Abstract
We demonstrated that trifluoperazine, a calcium-calmodulin antagonist, blocked the hyperpermeability induced by Vibrio vulnificus cytolysin in in vitro-modeled endothelium and prevented the deaths of mice. Furthermore, compared to tetracycline alone, tetracycline combined with trifluoperazine enhanced the survival rate of V. vulnificus-infected mice, indicating the role of the cytolysin as an important factor in pathogenesis.

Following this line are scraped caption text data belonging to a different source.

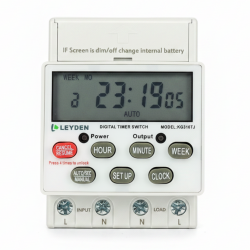 LEYDEN® KG316TJ, 30A, 220/230VAC, 50Hz Digital Timer Switch for Electrical ON Off, 24 On Off Program Per Day, Manual Start ON-Off Delay & Cyclic Timer Switch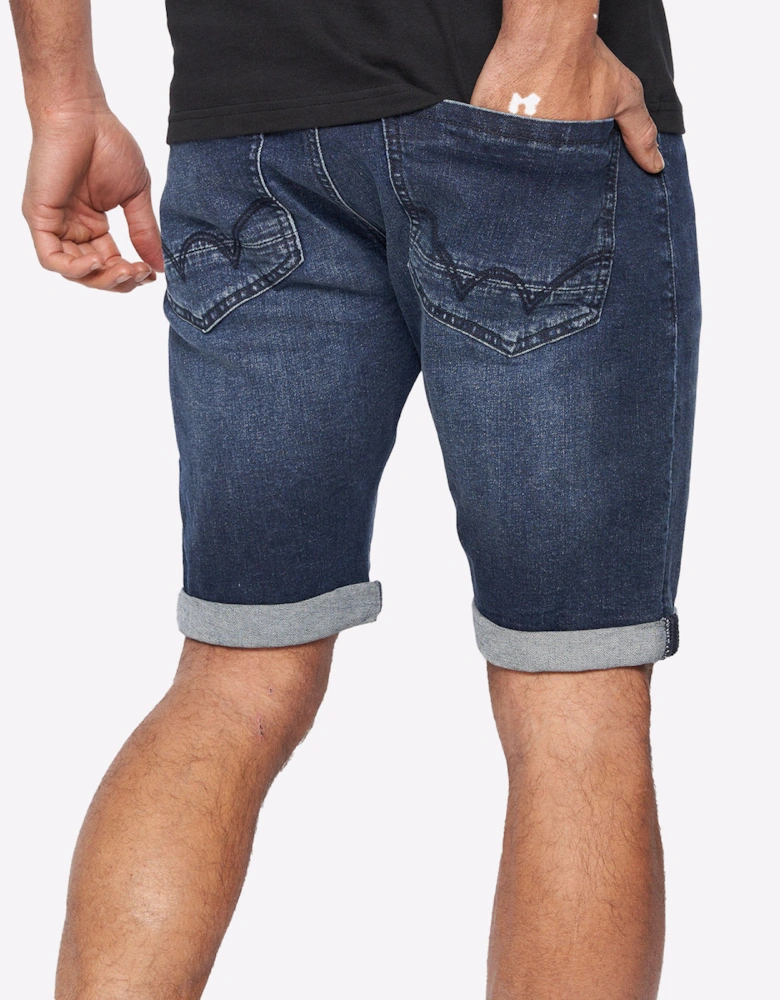 Duck And Cover Duck and Cover Zeki Shorts Mens Dark Wash / Navy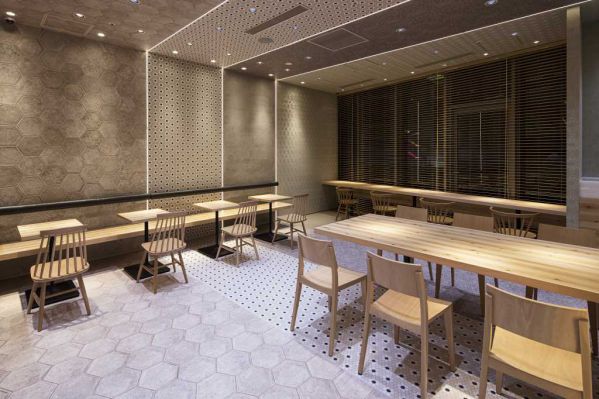 新日式茶室辦公室設計中材質(zhì)的拼接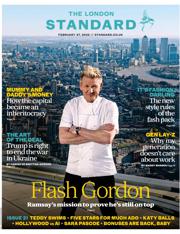 London Evening Standard front page for 1 March 2025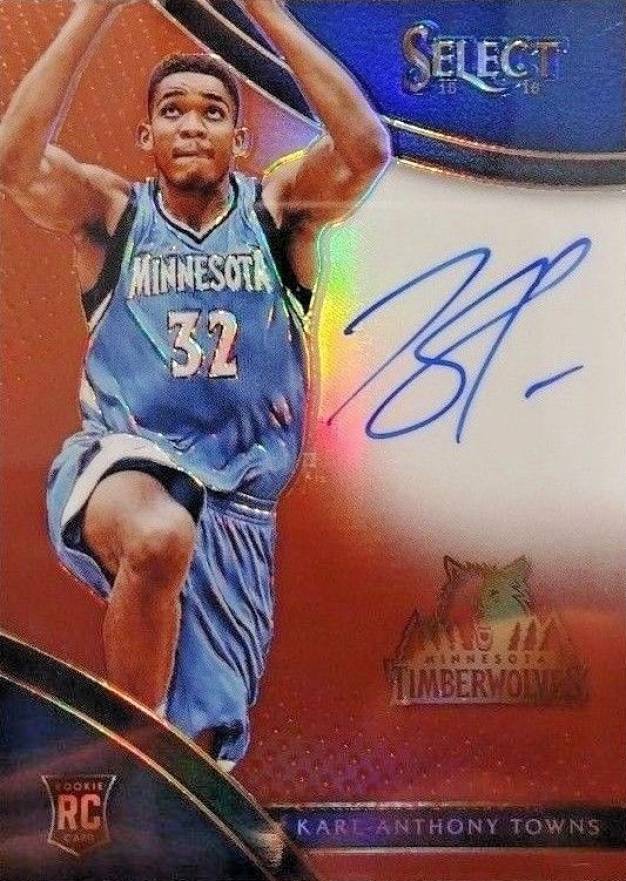 2015 Select Rookie Signatures  Karl-Anthony Towns #RS-KA Basketball Card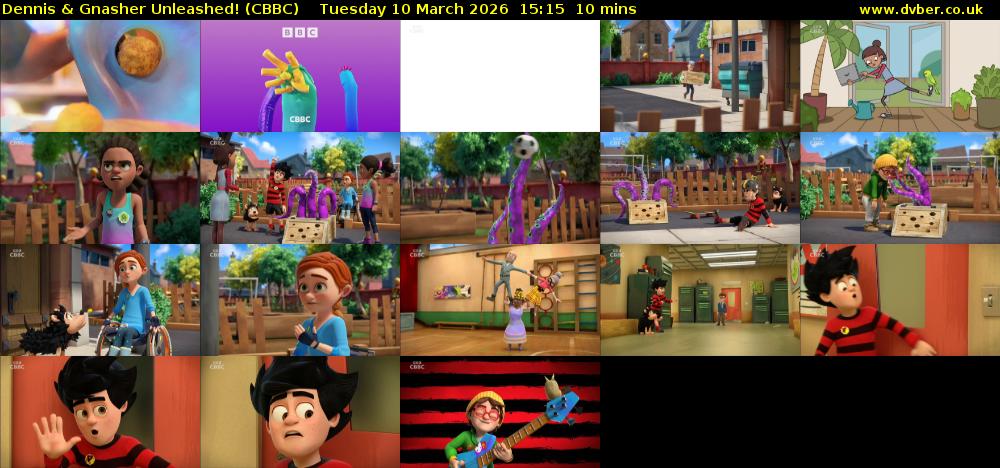 Dennis & Gnasher Unleashed! (CBBC) Tuesday 10 March 2026 15:15 - 15:25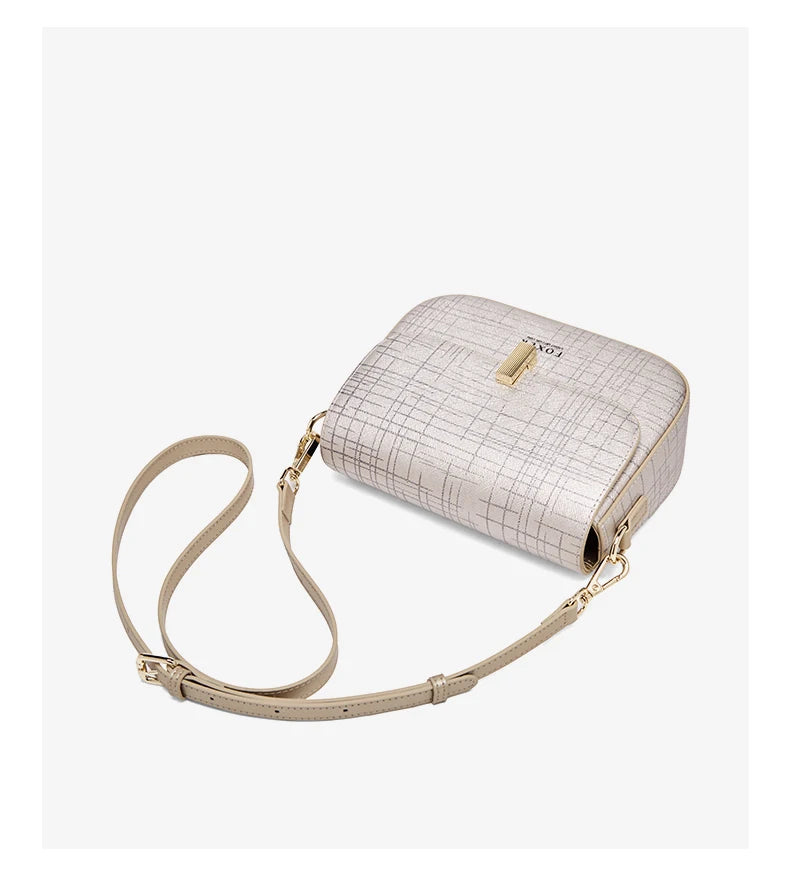 Damen Schultertasche aus Split-Leder mit Luxus-Design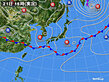 2023年06月21日の実況天気図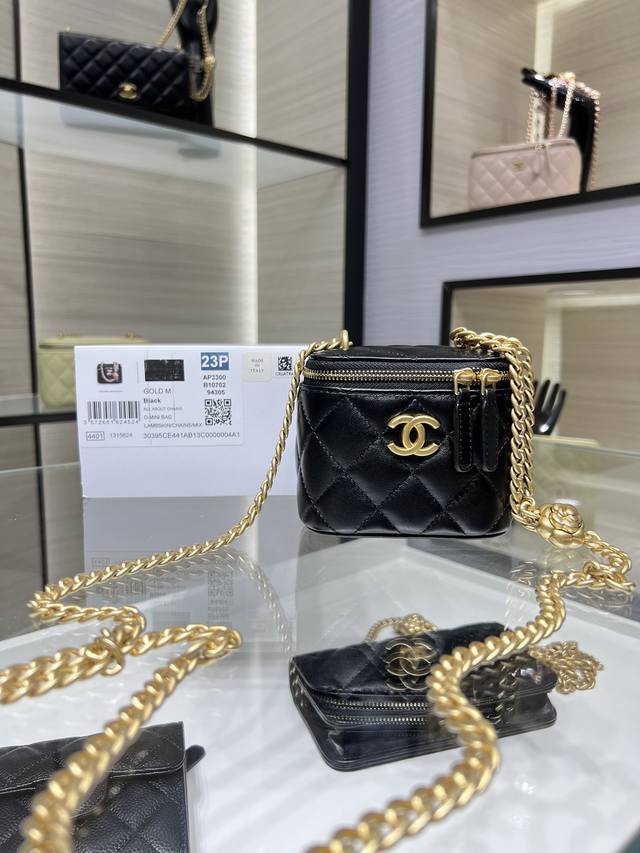 Chanel23P 盒子包 最美山茶花调节扣 可调节链条的 精致绝美 :Ap3300
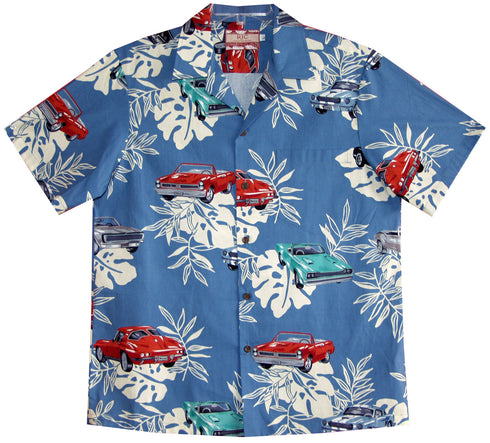 Muscle Cars Men's Hawaiian Shirt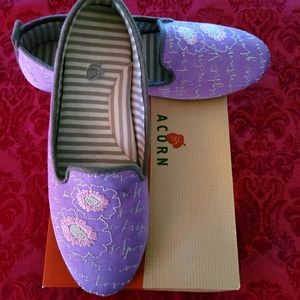 ACORN new embroidered slippers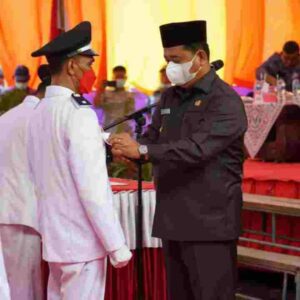 11 Kades Terpilih Kecamatan Air Salek Resmi Dilantik Bupati Banyuasin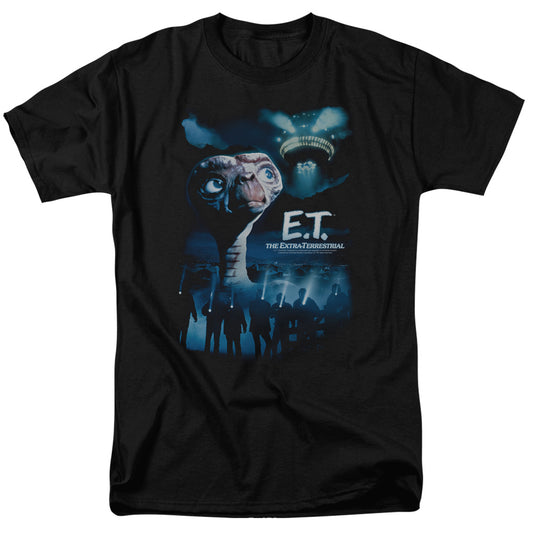 ET the Extra Terrestrial Going Home Mens T Shirt Black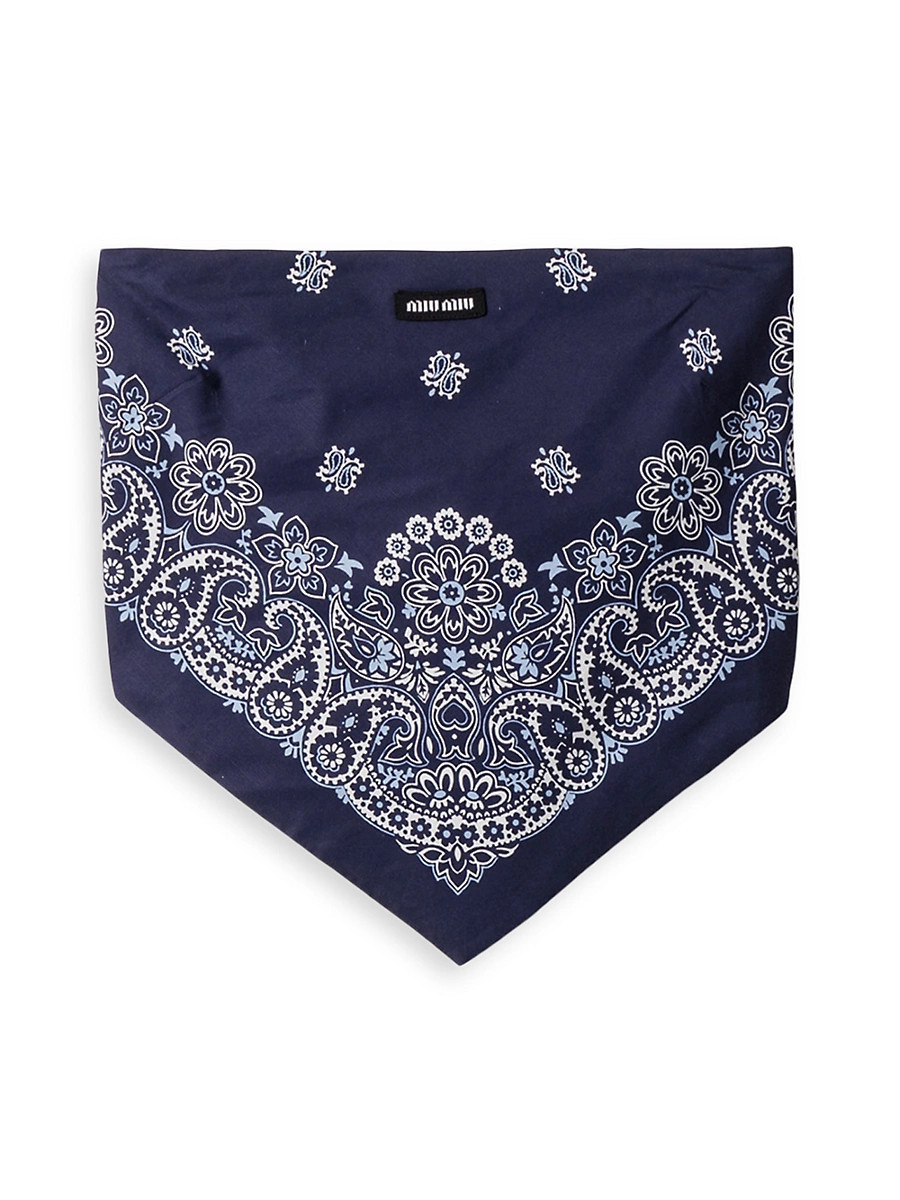Women's Printed Poplin Bandana Top - Blue - Size 4 | Saks Fifth Avenue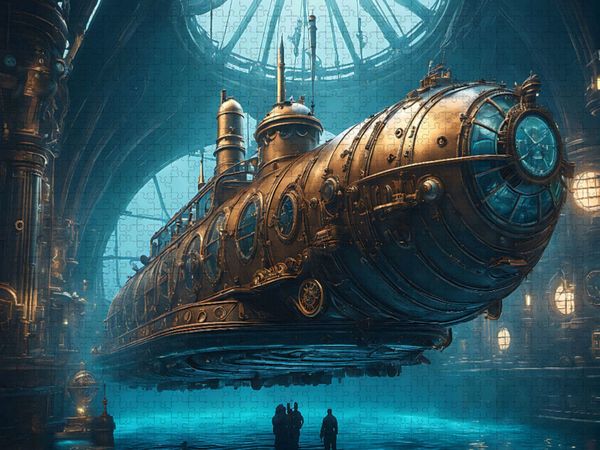 Produktbild: CALVENDO Puzzle Futuristisches U-Boot | 1000 Teile Lege-Gr&ouml;&szlig;e 64x48cm Foto-Puzzle f&uuml;r gl&uuml;ckliche Stunden
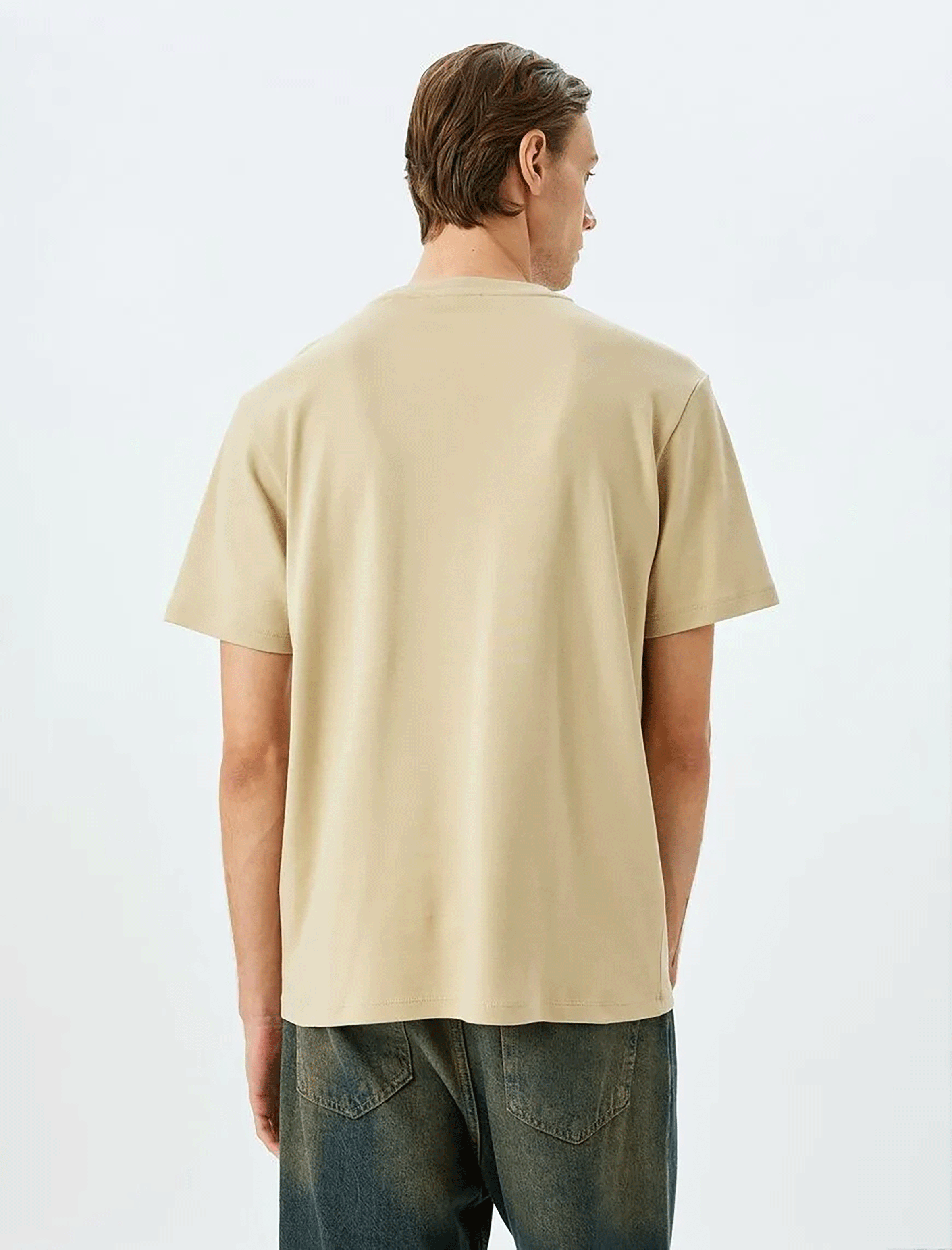 تی شرت طرح دار مردانه کوتون Koton کد 5SAM10132HK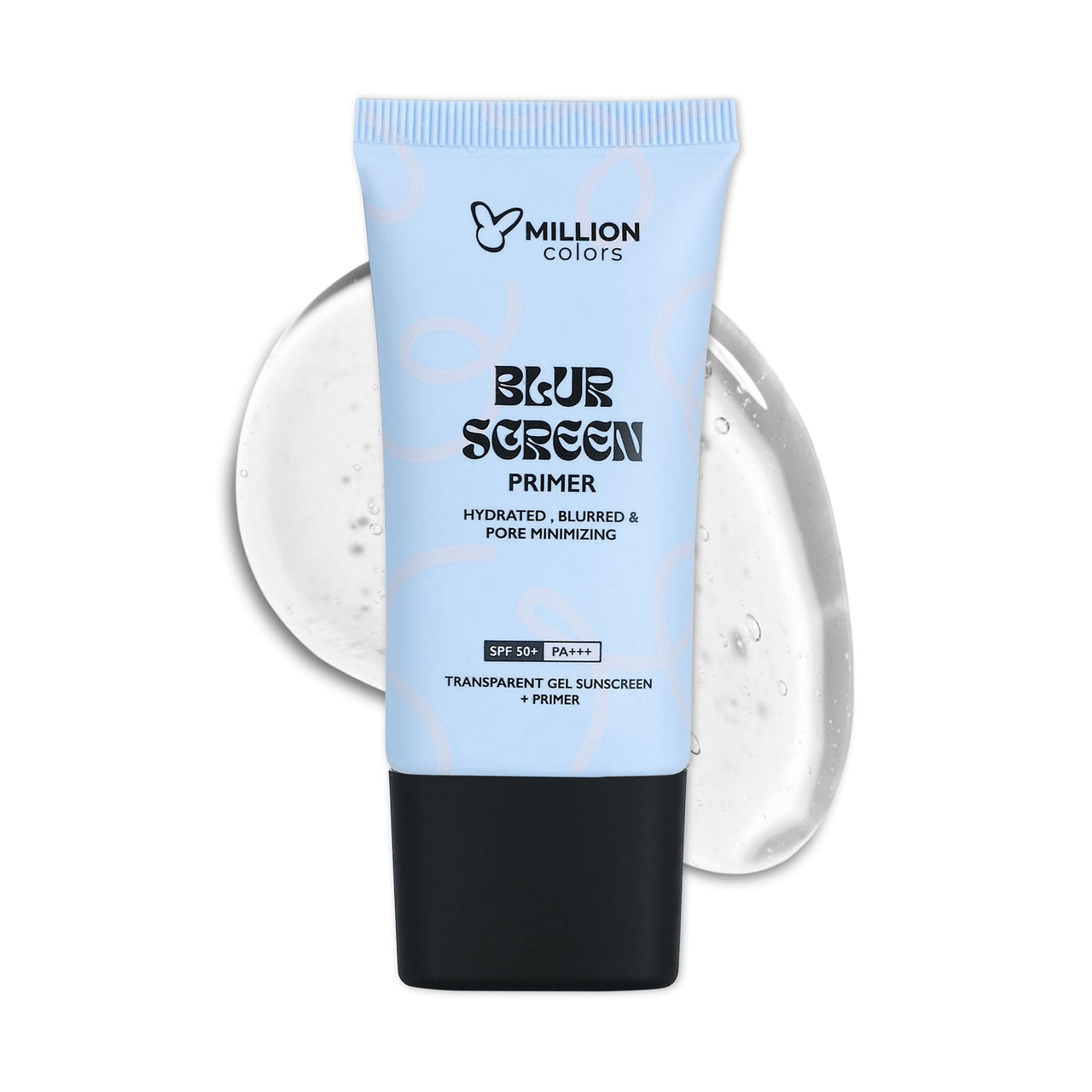 Million Colors Pore Blur Primer | Matte Finish and Oil Control| Hydrating Pore Minimizer Infused With Hyaluronic Acid | 2-in-1 Primer and Sunscreen SPF 50 PA+++ For All Skin Types - 30ml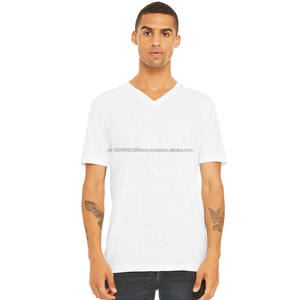 Camiseta Unisex de Manga Corta con Cuello en V, Tejido Tri-Blend, Transpirable - Product Image 1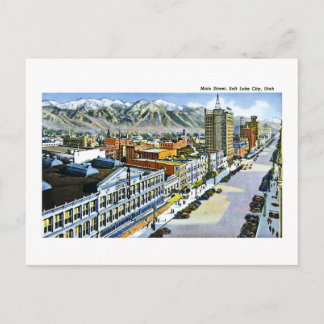 Cartão Postal Main Street, Salt Lake City, Utah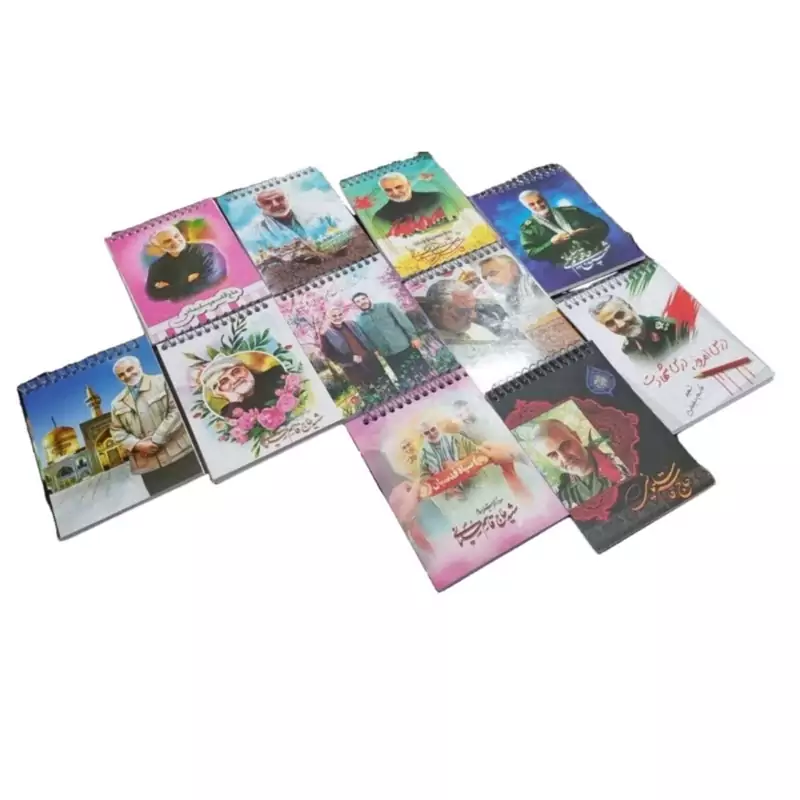 101377-یک عدد دفترچه یادداشت فنری 50برگی طرح سردار سلیمانی در طرحهای متنوع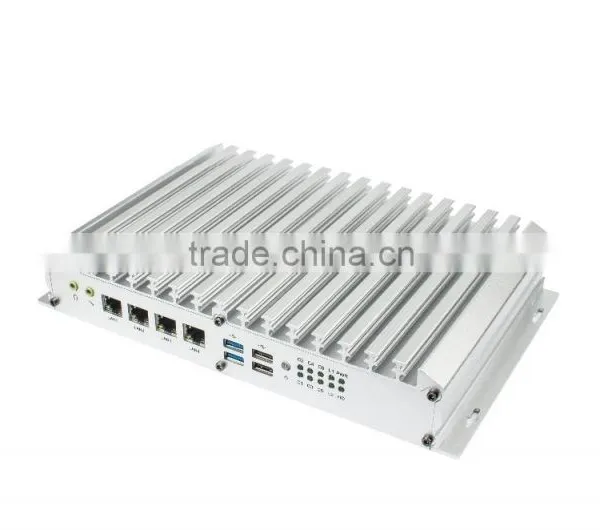 4*LAN Intel Haswell 4th Generation I3/I5/I7 CPU Barebone System Mini PC Industrial PC NIS-H892 photo-2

Vibrio vulnificus is a gram-negative, halophilic bacterium that is capable of rapidly processing wound infections and septicemia (1, 2). Several V. vulnificus components and products have been suggested as virulence factors of the organism through in vitro or in vivo experiments (4, 9, 17, 19). Two of the most representative cytotoxins, cytolysin and the elastolytic protease, were considered to play major roles in V. vulnificus cytotoxicity. However, mutants with single mutations in either the cytolysin or protease gene showed no significant change in their 50% lethal doses in experimental mouse systems (15, 19). Even when both genes were knocked out, no significant change in virulence was noted (3). Consequently, key virulence factors have not yet been identified in the in vitro and in vivo cytotoxic activities of V. vulnificus. Nevertheless, it has been suggested that V. vulnificus cytolysin may be a virulent factor in mice infected orally. When V. vulnificus was administered via the oral route, its cytolysin seemed to be involved in the organism's invasion across the intestinal wall. In fact, a protease mutant is more virulent by the oral route because the cytolysin activity might be increased by the lack of the protease inactivating the cytolysin (15). Thus, cytolysin might be at least partially involved in the pathogenesis of V. vulnificus.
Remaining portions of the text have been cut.